# Clean install PowerMac G5 depuis clé USB Leopard



## mitch1979 (20 Octobre 2019)

Bonjour,

je tente de réinstaller Leopard sur mon PowerMac G5 depuis une clé USB bootable. J'ai configuré ma clé depuis le Terminal (Apple Partition Map et HFS+):

/dev/disk3 (external, physical):
   #:                       TYPE NAME                    SIZE       IDENTIFIER
   0:     Apple_partition_scheme                        *32.0 GB    disk3
   1:        Apple_partition_map                         32.3 KB    disk3s1
   2:                  Apple_HFS Mac OS X Install DVD    31.9 GB    disk3s3

Depuis l'Utilitaire de disque, j'ai ensuite restaurer une install Leopard télécharger depuis macintoshrepository.
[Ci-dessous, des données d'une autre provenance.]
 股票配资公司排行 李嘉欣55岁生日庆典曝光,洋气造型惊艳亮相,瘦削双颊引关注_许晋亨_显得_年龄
J'ai testé plusieurs ports USB de la machine au cas où… L'installer monte sur le bureau mais ne boot pas. Ni depuis le bureau en lançant l'app d'install, ni suite à un redémarrage avec Alt.

Dans l'intervalle, je télécharge une version CPU drop-in DVD de Leopard mais sans grande conviction.

Peut-être que l'erreur provient du fait qu'il faut d'abord installer Tiger avant Leopard?
Merci pour votre aide,
Michaël


----------



## dandu (20 Octobre 2019)

Les PowerPC, c'est compliqué de booter en USB, faut le faire en Open Firmware. Très franchement, sur un G5, le plus simple est un disque dur FireWire (ou graver un DVD double couche)


----------



## mitch1979 (21 Octobre 2019)

Hello, merci beaucoup pour ta réponse. Que signifie 


dandu a dit:


> Open Firmware


?

Mon disque dur FireWire est partie à la benne… Je vais donc faire l'acquisition d'un DVD je pense 
Merci,
Michaël


----------



## Sly54 (21 Octobre 2019)

Trouver un DVD de Leopard devrait effectivement couter beaucoup moins cher qu'un dd en FireWire (si ça existe encore !)
Mais encore faut-il que le Superdrive soit fonctionnel ?


----------



## dtb06 (21 Octobre 2019)

Le plus simple étant si tu as déjà une image qui fonctionne de la mettre sur un DD PATA branché dans un boitier USB puis de mettre ce DD dans le MAc et de booter dessus


----------



## dandu (21 Octobre 2019)

mitch1979 a dit:


> Hello, merci beaucoup pour ta réponse. Que signifie
> 
> ?
> 
> ...



Alors, l'Open Firmware, c'est l'équivalent du BIOS et ça demande de taper pleins de lignes de commande.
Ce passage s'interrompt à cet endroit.